1. 11
  1.  

  2. 8

    High line coverage doesn’t necessarily imply covering enough of the state space. (Branch coverage is only slightly better in this regard.) As the post notes, testing with groups of input that correspond to different equivalence classes is more meaningful, because it exercises the code under test in several different ways.

    There’s a problem hiding in plain sight, though: how often do we know all the edge cases?

    Property-based testing, fuzzing, model checking, static analysis, and symbolic interpretation help here: Property-based testing and fuzzing do guided random exploration of the state space and report edge cases (known and unknown). Model checking, static analysis, and symbolic interpretation reason about possible behavior within the state space as a whole (possibly with some upper size bound).

    1. 1

      If you know a line is run during a test suite, it tells you nothing about whether it’s well tested.

      However, if you know the line is not executed during a test suite, that does indeed tell you something about how well tested it is.

      I don’t work towards 100% coverage - I work away from having code I know isn’t tested. It looks like the same thing from a distance, but it’s an important distinction to me.

      1. 2

        Absence of coverage can definitely be a useful insight. Line coverage can be an absence of evidence, but negative line coverage is evidence of absence. :) It just seems to lose something in translation when that coverage becomes a metric that triggers failures in CI, though.

        (Also, if test input generated via property-based tests still aren’t covering parts of a program, it’s a sign the generator needs more variety.)

      2. 1

        I like to move this back to the root. Eliminate edge cases as much as possible.

      3. 4

        The author gives this as a bad example of 100% coverage (since it doesn’t check division by zero):

        public void divide_with_valid_arguments() {
          assertThat(new Calculator().divide(10, 2)).isEqualTo(5);
        }
        

        Yet it’s even worse than that, since this also gives 100% coverage:

        public void divide_with_valid_arguments() {
          new Calculator().divide(10, 2);
        }
        

        A test suite with 100% coverage doesn’t actually need to assert anything! It does check that there’s a way to run each branch without hitting a language error (undeclared variable, segfault, type/tag error, whatever), but many compiled languages will catch these things anyway, making code coverage even less useful there.

        1. 3

          Yeah, this is an issue. What would be nice is a way for the test framework to say “some kind of test or assertion was (not) executed against this line/branch of code”, rather than “this code was executed at some point while tests were running” and then ideally you could see exactly what those assertions were. I’m not aware of a way to do that in any languages I know (Python and JS). It’s easy to forget that executed doesn’t necessarily mean it was tested.

          1. 3

            It does check that there’s a way to run each branch without hitting a language error (undeclared variable, segfault, type/tag error, whatever), but many compiled languages will catch these things anyway, making code coverage even less useful there.

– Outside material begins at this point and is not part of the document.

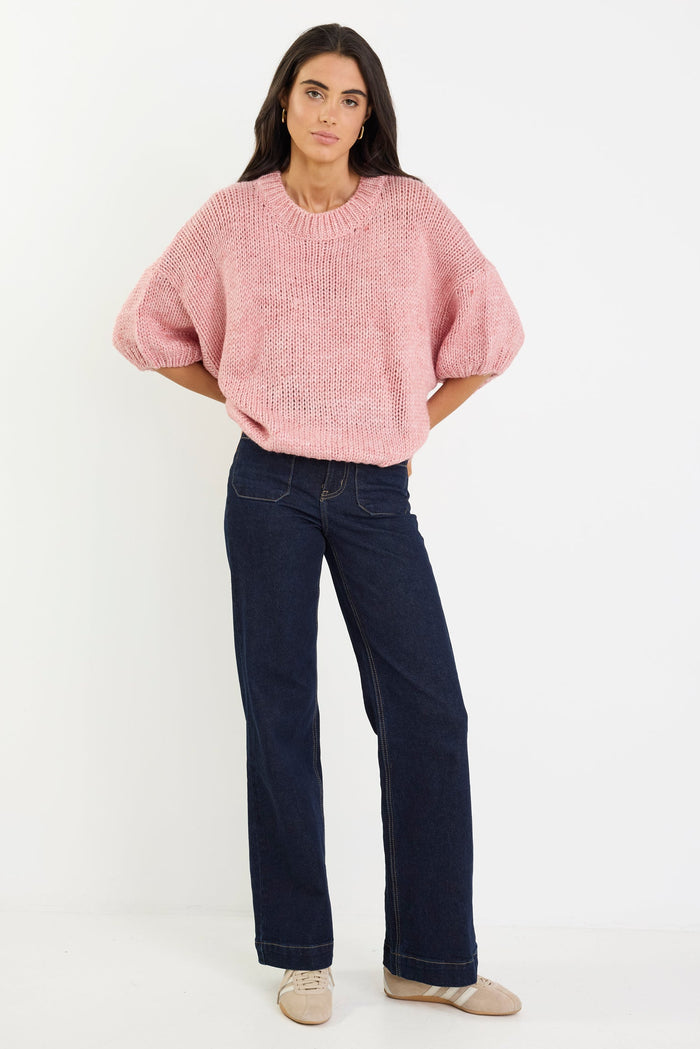 Woman wearing a pink sweater and dark blue jeans on a white background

            Not necessarily! If you use code contracts, then it’s still worthwhile to write tests without assertions. That’s because you’re putting the assertions in the code itself, so all the test needs to do is explore the state space. Example:

            @require("`x` must be in `l`", lambda a: a.x in a.l)
            @ensure("`x` must be removed from `l`", lambda a, r: a.x not in r)
            def remove(l, x):
              l.remove(x)
              return l
            
            @given(lists(integers()), integers())
            def test(l, x):
              assume(x in l)
              remove(l, x)
            

            Even though there’s no assertions in the test, it will still fail, because remove([0, 0], 0) violates a postcondition.

          2. 3

            100% code coverage is a false metric, but I don’t think the given solution, parameterized testing, is any better. He said that his function inputs have four partitions, but he misses a huge number: instances where only one argument is negative, instances where the other is negative, 1e200, 1e-200, -1e-200, Inf, NaN, -Inf, -0…

            This is why testing is trending towards testing entire state spaces. @silentbicycle gave a list of different techniques and develops the PBT library for C.

            1. 2

              This article sounds like a lot of excuses and personal frustrations to me, more than it is actual reasoning to not aim for maintaining a high level of coverage.

              1. 2

                The problem is that bean counters like metrics, so programmers go along with code line test coverage, even if they know that the only test coverage that matters is over the input domain.

                1. 1

                  Just the other day I was mentioning Inozemtseva and Holmes, “Coverage is Not Strongly Correlated with Test Suite Effectiveness”, whose methodology is perhaps not perfect but I think still makes a great point.

                  1. 1

                    Code coverage % as a gatekeeper is nearly always a bad thing. Managed to delete a bunch of old code that happened to have higher-than-average coverage? You’re making the coverage worse. Now you’ve got to go and add a bunch of almost-certainly-useless tests to code that’s not related to your ticket, isn’t in your head, and maybe was written by somebody else.

                    1. 1

                      Some years ago I wrote about this topic too.

                      I still think that you should not even measure coverage if you don’t know what TDD is for.